──────── RECORD SET ────────

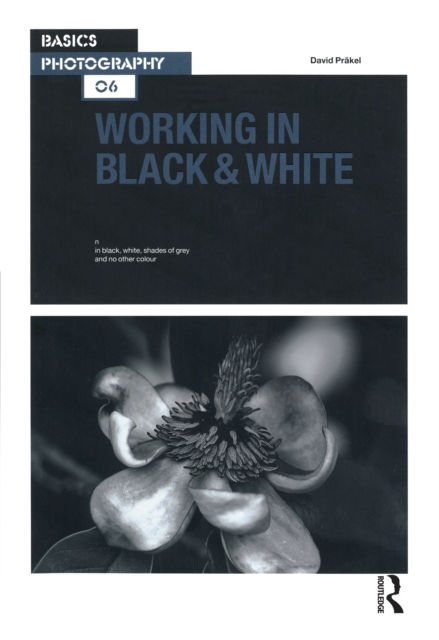 Working in Black & White, EPUB eBook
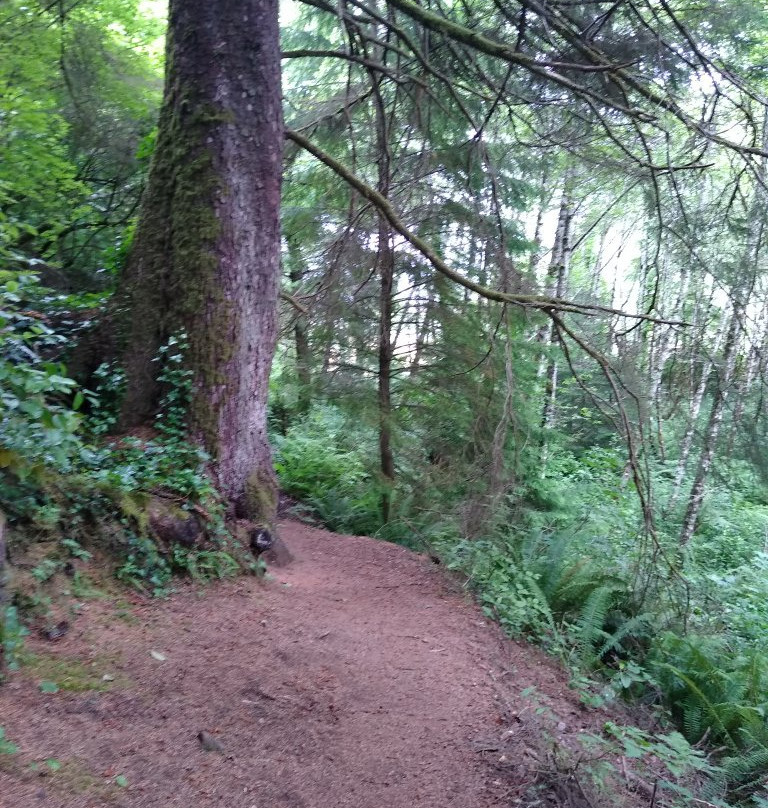 Crestline Park Woodland Trail-Waldport必去景点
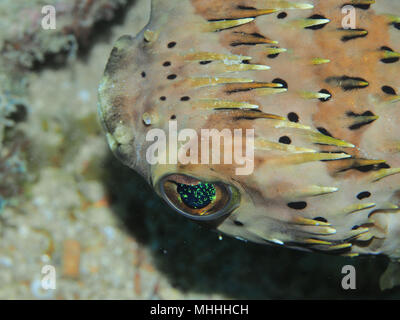 Diodon holocanthus (Poisson Ballon) avec appareil photo numérique Olympus objectif macro 100mm au large de Petit St Vincent dans les Grenadines Banque D'Images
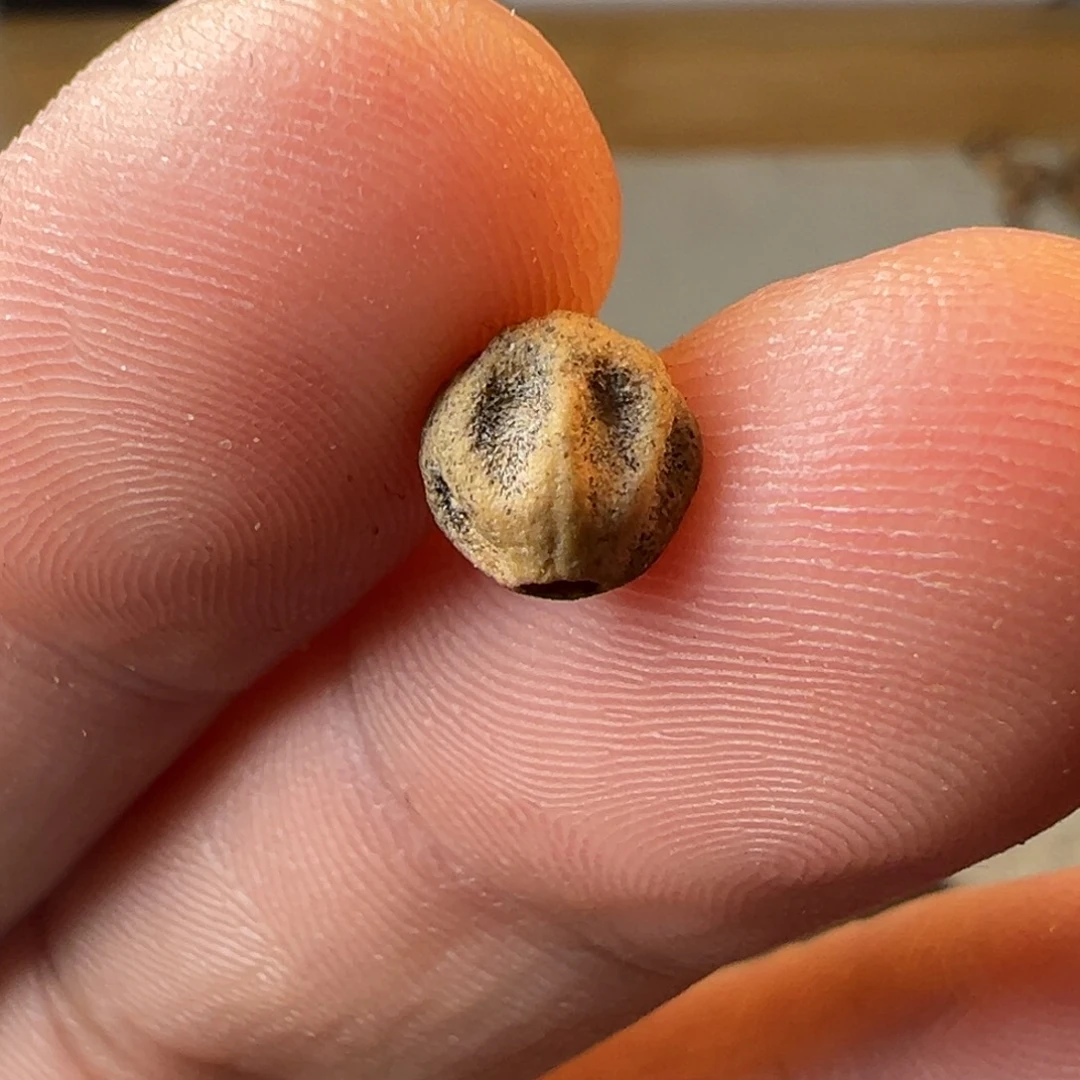 柏香籽/百香籽吊坠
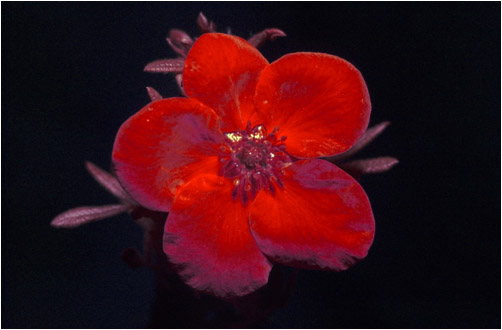 Potentilla fruticosa. Ultraviolet light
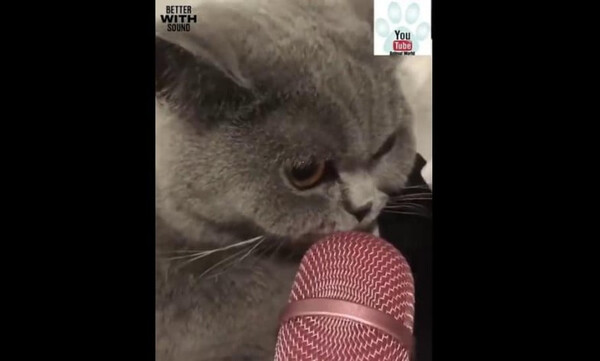 Τρελό γέλιο! Γάτα νιαουρίζει σε μικρόφωνο - Θα τρελαθείτε με τον ήχο (video)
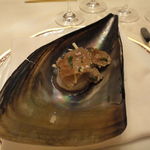 レストラン クレッセント - たいら貝と的鯛のマリネ　夏トリュフのサラダ添え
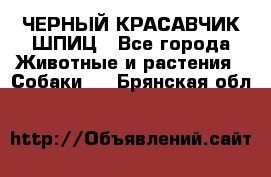 ЧЕРНЫЙ КРАСАВЧИК ШПИЦ - Все города Животные и растения » Собаки   . Брянская обл.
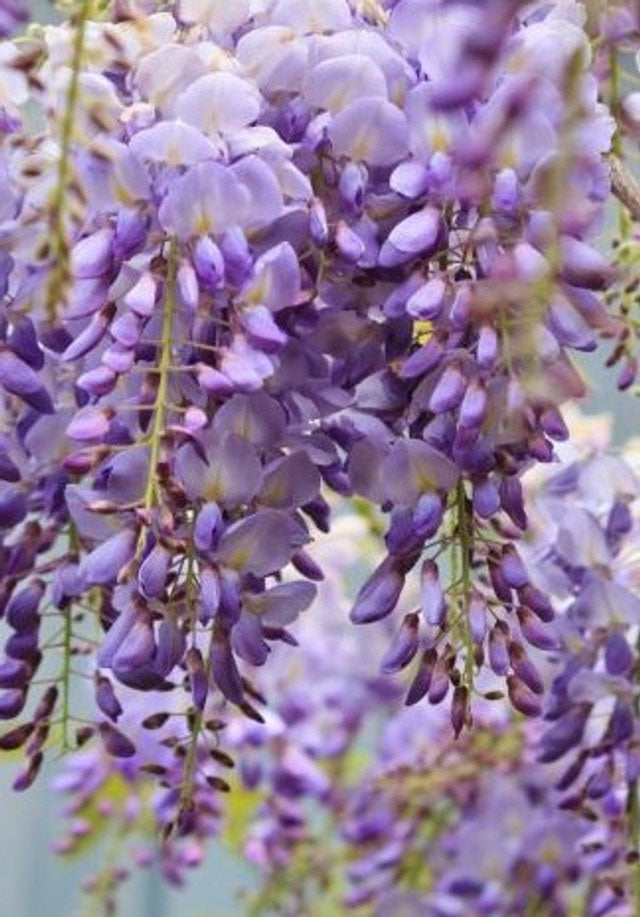 Amethyst Falls Wisteria Quart , 1, & 3 Gallon Plants Online Trees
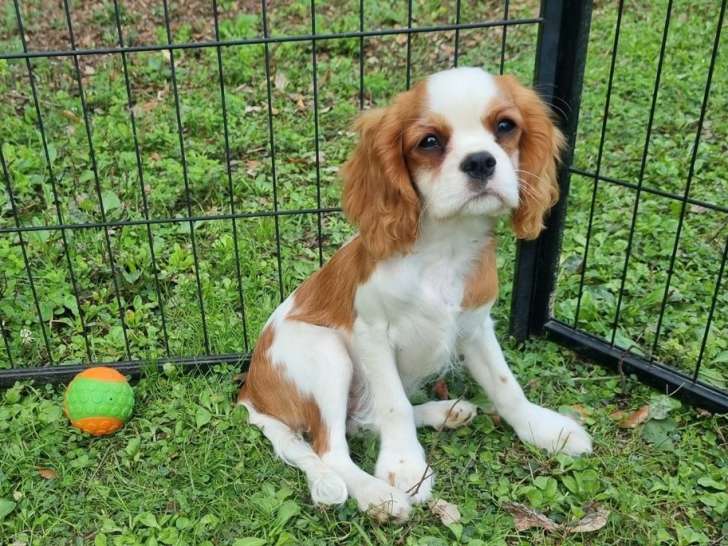 Chiots Femelles Cavalier King Charles LOF – à vendre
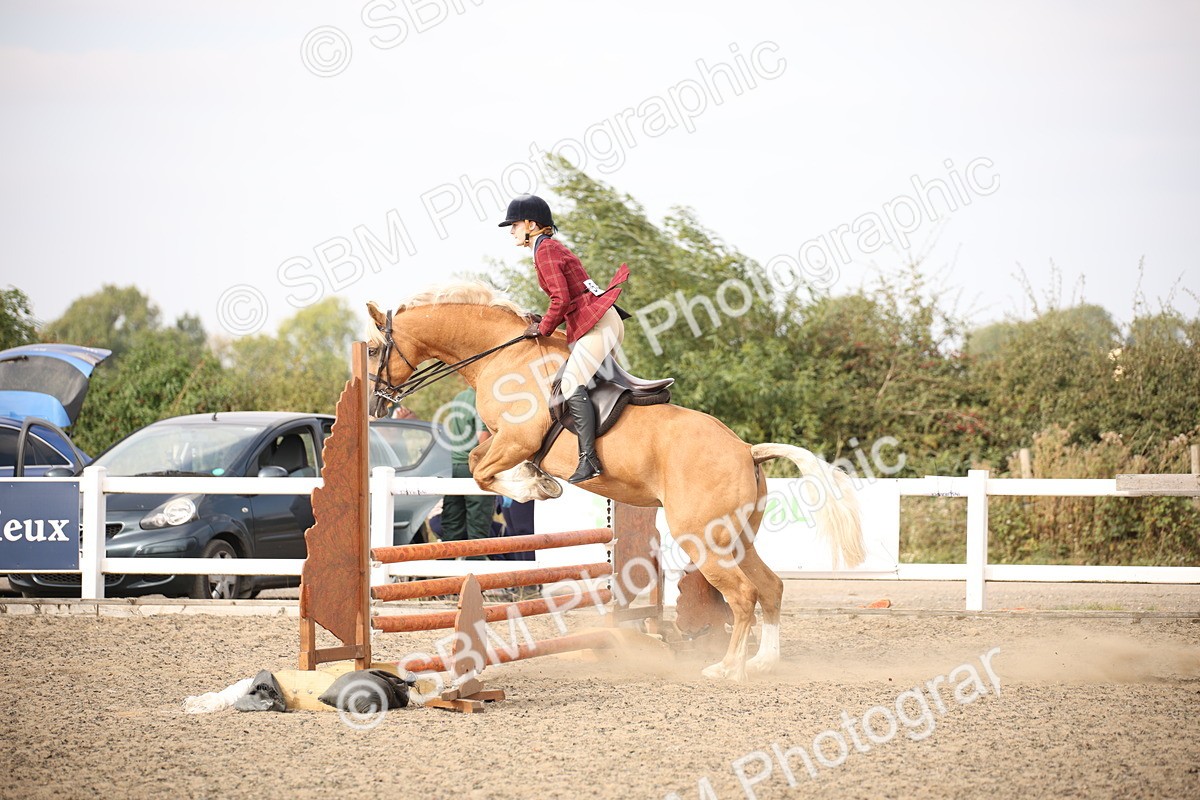 SBM_17247 - Class 410a - Wor5king Veteran 90cm (15-19)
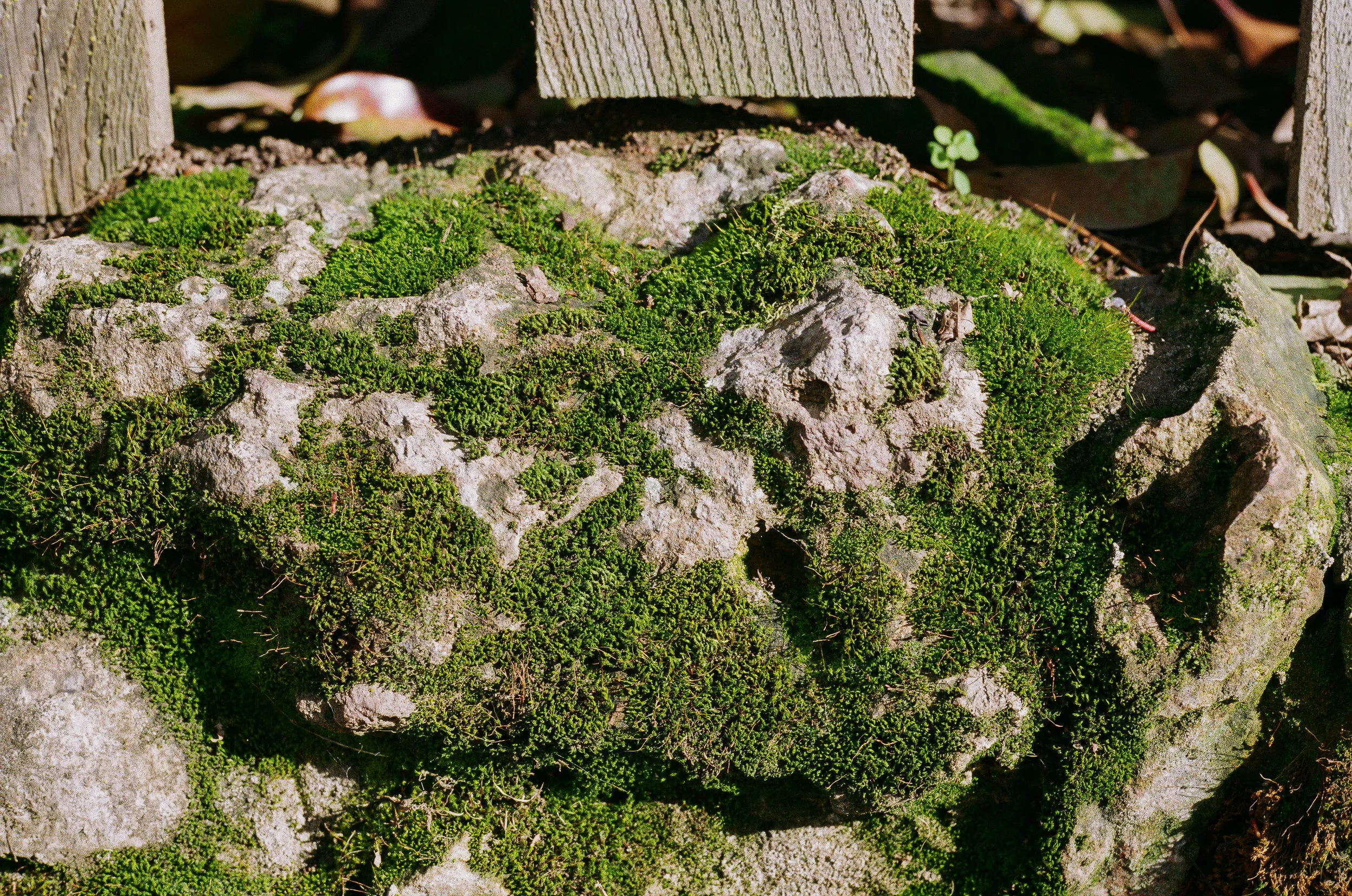0448_0017-2.jpg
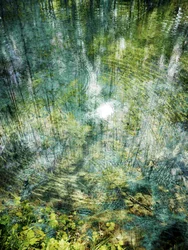 Reflexo ondulante na floresta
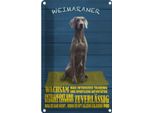 Vianmo Insegna Di Latta 18X12 Cm Weimaraner Hund Wachsam Schnell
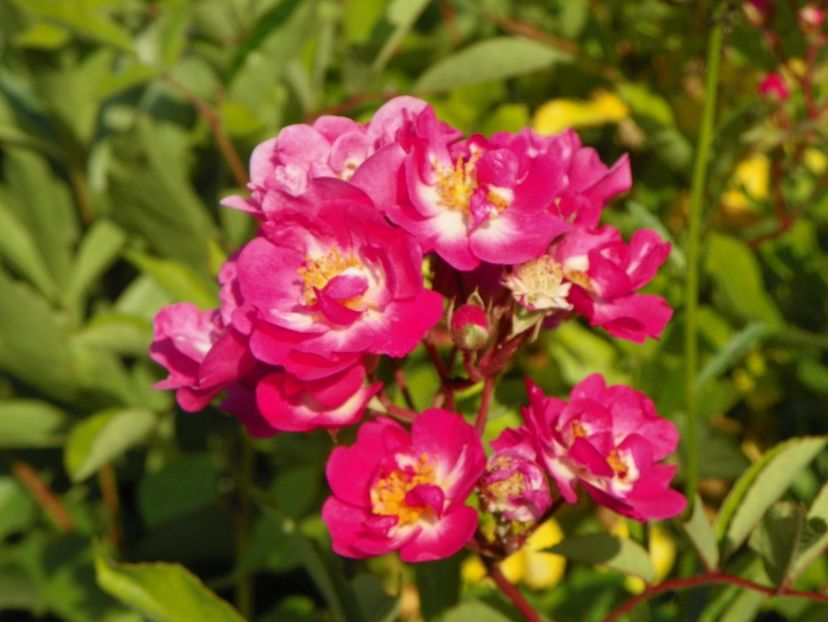 Robin Hood - Trandafiri 2018 2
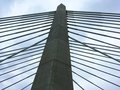 Close up of the Tilikum Crossing bridge in Portland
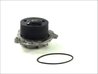 Pompa de apa Thermotec D1D019TT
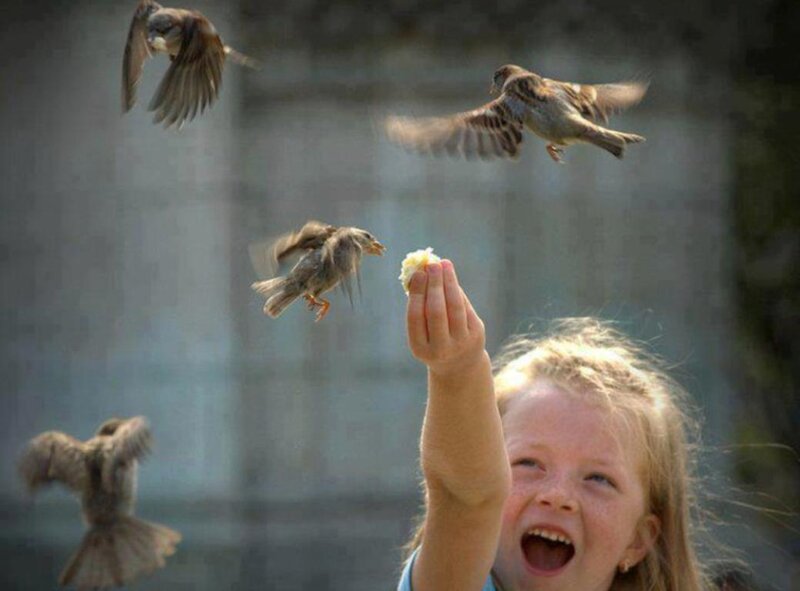 Girl Feeding Birds — Brown
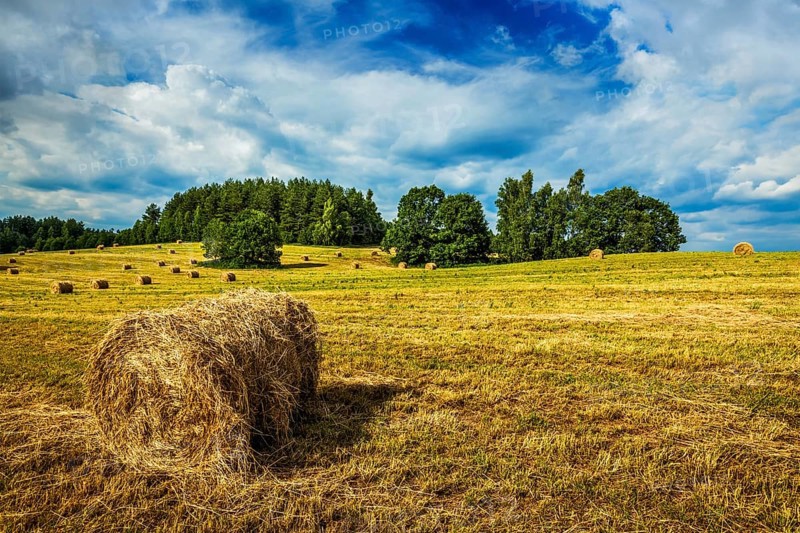 Agriculture background, Hay bales on field in summer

────────

### TASK OBJECTIVE
Return the entries above exactly as they appear. Pictures should not be copied.

### RESPONSE
 Working in Black & White, EPUB eBook
 Crestline Park Woodland Trail-Waldport必去景点
 Diodon holocanthus (Poisson Ballon) avec appareil photo numérique Olympus objectif macro 100mm au large de Petit St Vincent dans les Grenadines Banque D'Images
 柏香籽/百香籽吊坠
 Potentilla fruticosa. Ultraviolet light
 Τρελό γέλιο! Γάτα νιαουρίζει σε μικρόφωνο - Θα τρελαθείτε με τον ήχο (video)
 レストラン クレッセント - たいら貝と的鯛のマリネ　夏トリュフのサラダ添え
 ЧЕРНЫЙ КРАСАВЧИК ШПИЦ - Все города Животные и растения » Собаки   . Брянская обл.
 Amethyst Falls Wisteria Quart , 1, & 3 Gallon Plants Online Trees
 Chiots Femelles Cavalier King Charles LOF – à vendre
 SBM_17247 - Class 410a - Wor5king Veteran 90cm (15-19)
0448_0017-2.jpg
 Reflexo ondulante na floresta
 Vianmo Insegna Di Latta 18X12 Cm Weimaraner Hund Wachsam Schnell
 Robin Hood - Trandafiri 2018 2
 Close up of the Tilikum Crossing bridge in Portland
 Pompa de apa Thermotec D1D019TT
 Girl Feeding Birds — Brown
 Agriculture background, Hay bales on field in summer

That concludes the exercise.